Saturday, December 29, 2007

2007 (d) - How do you measure a year?

Here I am, days left in 2007. Looking back on all the things that have happened. I started the year on an entirely different note than I began it. I began the year hoping that I could make something of myself. That I could do something worthwhile. Now, ending the year, I've done something and I'm about to do a whole lot more as I march into 2008.

And maybe that's really the biggest thing I've taken from this year. Quoth the Connor: There is no future but what we make for ourselves. That contains within it all truth. All importance. All potential.

I'm still prone to angst, especially right now when winter's descended upon everything and it's dark so much. But I don’t bother with indulging it. What would it give me to do so? Nothing at all. Instead, I've decided to say 'the hell with it' for all sorts of major procrastination and struggling and waiting. I was never gifted with patience, why did I think that I needed it? That's a foolish lie. People don't need patience, not really.

I wanted to be a writer. Now I am one. I wanted to achieve something. Now I have. I am. I will. I wanted to feel worthwhile. Done that. I know the truth, now. The truth is what I believe it to be. That's been proven to me time and again, and I've finally accepted it. I wasn't a writer until I believed I was. I couldn't accomplish anything until I believe I did.

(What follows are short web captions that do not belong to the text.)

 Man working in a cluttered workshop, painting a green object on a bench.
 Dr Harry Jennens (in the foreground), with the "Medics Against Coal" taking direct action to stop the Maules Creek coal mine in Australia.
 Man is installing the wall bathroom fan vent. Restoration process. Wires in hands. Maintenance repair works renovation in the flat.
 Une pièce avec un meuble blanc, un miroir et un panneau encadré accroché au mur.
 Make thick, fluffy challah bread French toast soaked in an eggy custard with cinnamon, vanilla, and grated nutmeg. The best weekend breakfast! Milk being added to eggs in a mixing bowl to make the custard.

Finishing a novel and writing two more to completion is a good accomplishment for the year. Getting a new job and figuring my issues out has been a great accomplishment. Getting over a lot of my baggage has been a necessary, painful experience, but I feel a lot better for it.

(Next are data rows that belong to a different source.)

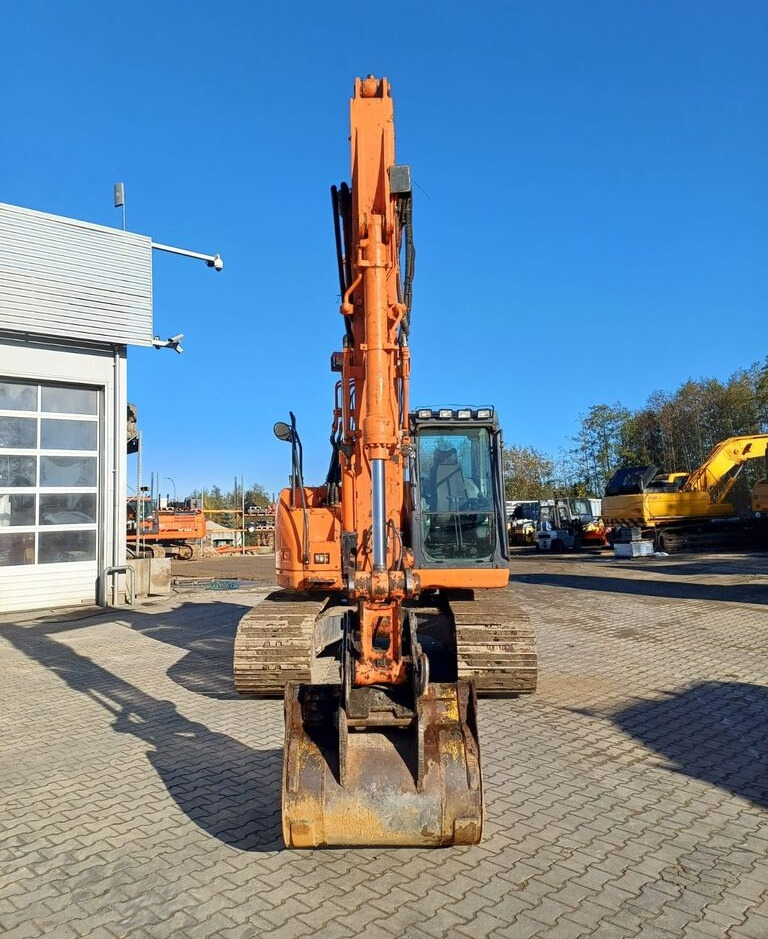 Doosan DX140LCR-3 - Гусеничный экскаватор: фото 2 Doosan DX140LCR-3 - Гусеничный экскаватор: фото 2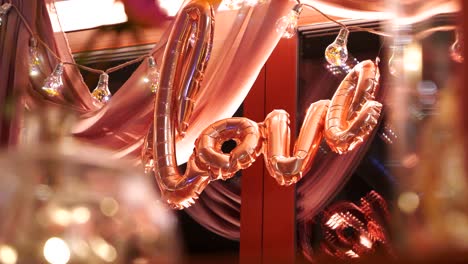 focus shift to the "love" inscription made of pink balloons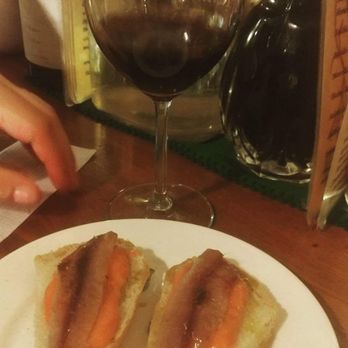 La Tana - Sardines over tomato puree on bread. - Tapas Bars Near Me - Granada, GR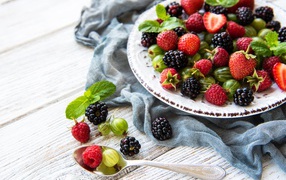 Спелые ягоды крыжовника, ежевики, малины и клубники на тарелке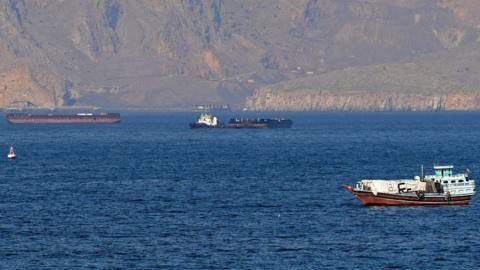 Ships and tankers in the Strait of Hormuz off the coast of Musandam, Oman, April 18, 2026.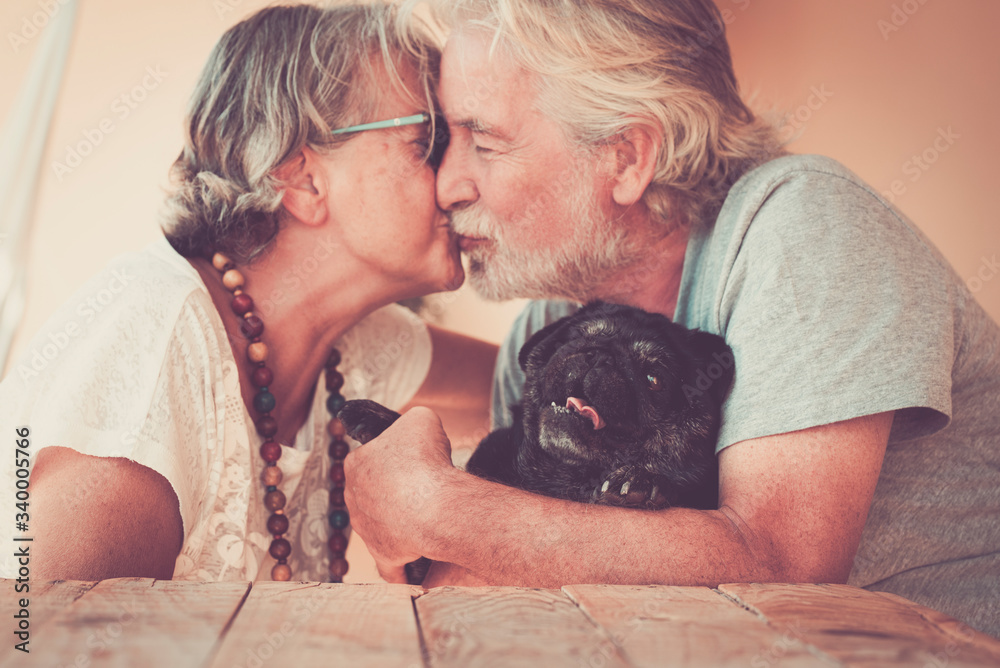 Happy old senior couple people in love kiss eachother and hug their lovely black dog pug - home leisure activity and forever together concept family and relationship Happy old senior couple people in love kiss eachother and hug their lovely black dog pug - home leisure activity and forever together concept family and relationship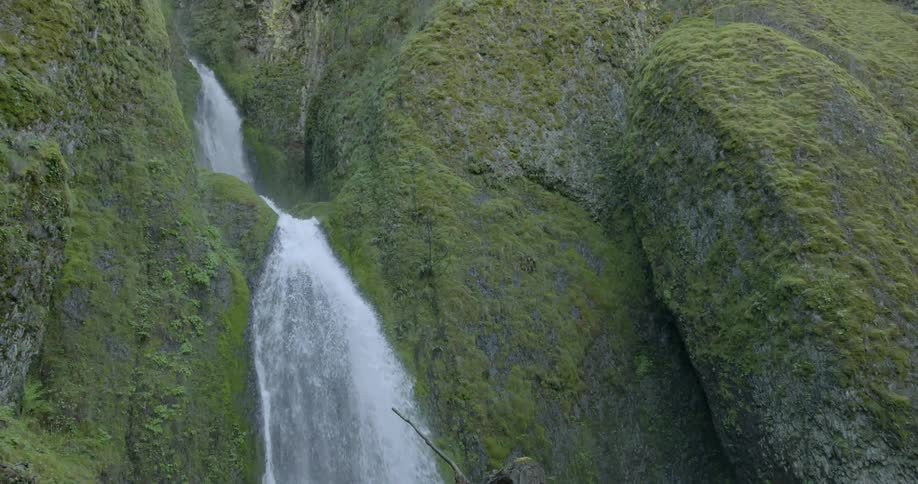 A waterfall flows near a grassy mountainside
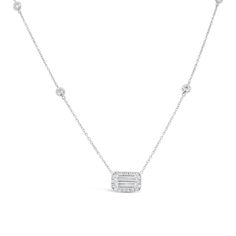 a white gold necklace with diamonds on the sides and a baguette in the middle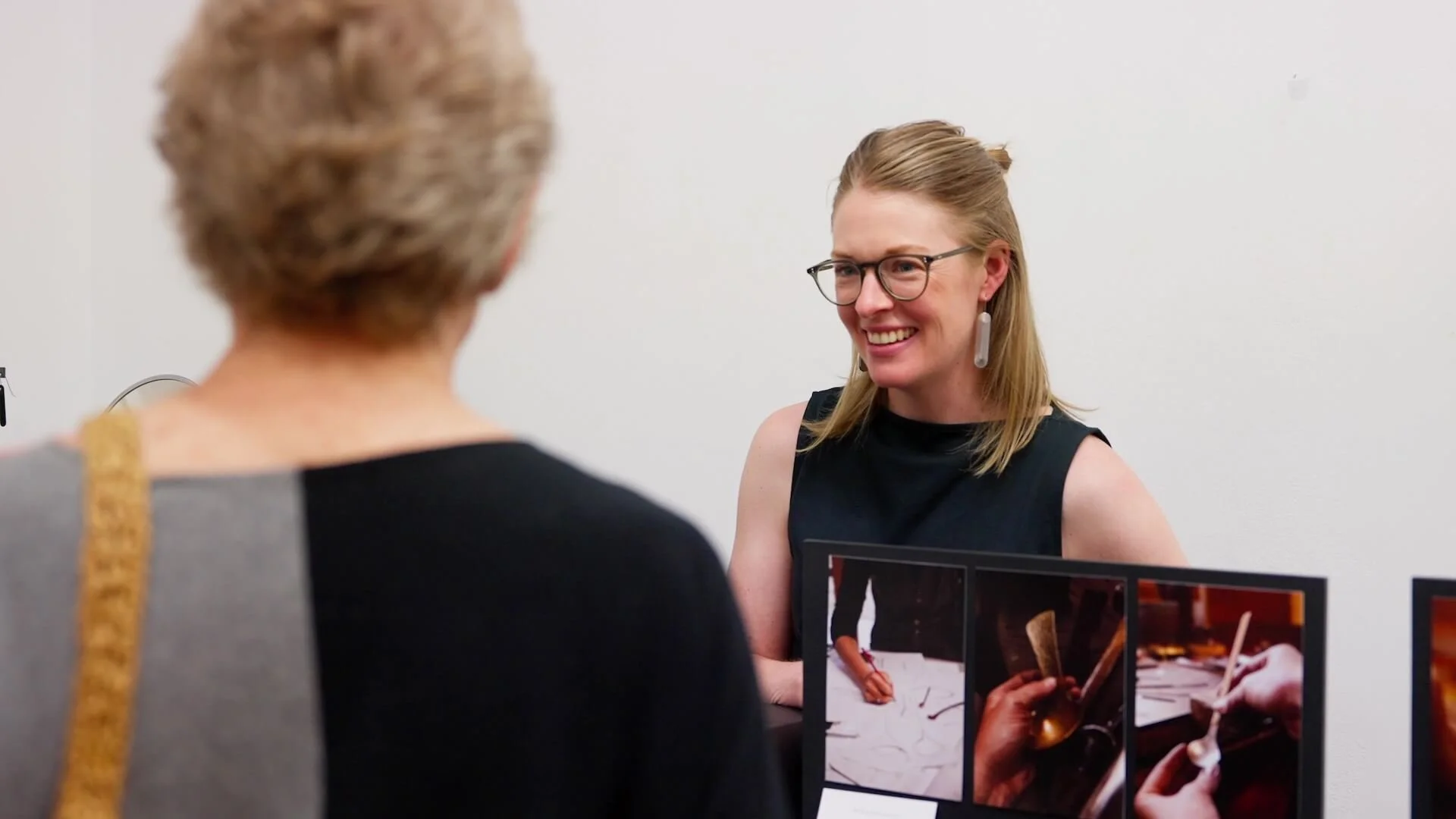 Two women having a conversation, one with glasses and earrings, smiling, at an exhibition table displaying photos of hands holding various objects.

This year has seen the birth of my LRS-philosophy. The Literary Rock Star title isn't just something for laughs. It isn't just me wanting fame and fortune (though those would be nice, don't get me wrong). The Literary Rock Star is a philosophy for life. For writing, mostly, but for life in general. The Literary Rock Star is taking no prisoners and making no excuses. It's dreaming big dreams and making them real. It's excess turned into energy. It's getting up on stage, no matter how coked up or exhausted or whatever you are, and rocking out. A Rock Star has a job to do. His job is to be larger than life. He dreams the dreams that others don't dare and strives to make them real.

I've discovered my EELOW. The EELOW is Tony's term, and I love it. It stands for the Ever-Expanding List (or life, I suppose) Of Wonder. The EELOW is my gift and my curse. The EELOW is what drives me ever onward and pulls me away from things I should be doing. The EELOW is what happens when I want to do a thousand things at once, when I find new things to capture my interest every day. When my goals are constantly fluid and insane and I can never settle onto anything. When everything I do is the most important thing in the universe at that moment, and then is suddenly insignificant. The EELOW is a tornado ripping through the mundane and banal.

Look out EELOW!

The future is what I make of it. And I'll make it real. I'll dream big dreams and throw them together out of whim and air and ignite fire into them and they live. This looks, to an outsider, like either incredibly hard work or goofing off. It depends on who's looking, how deep you see. And it's both, you know. And its neither. It's incredibly hard work, and I drive myself near to exhaustion time and again because of it. It'll only get worse. It's also goofing off, because at the end of the day it's pretty silly to do many of the things I do, if you're a normal fellow on the street.

But I'm not goofing off. I'm deadly serious. I'm also just kidding, it's all a big joke, hey dontcha have a sense of humor about these things, what's your big deal, lighten up and laugh a little.

I laugh and joke and I mean it. That's a pretty amazing thing, if you ask me.

So here we are, at the end of the year. The fires are hot and so are the irons. I will strike now. Strike again. Strike forever. 2007 began with hope and died into a whimper and nearly went out entirely, but it's become the roar of the tides. The tsunami of revelation. The fires of rebirth. The fancy metaphor of proving my point.

I'm ready for you, 2008. You better be ready for me.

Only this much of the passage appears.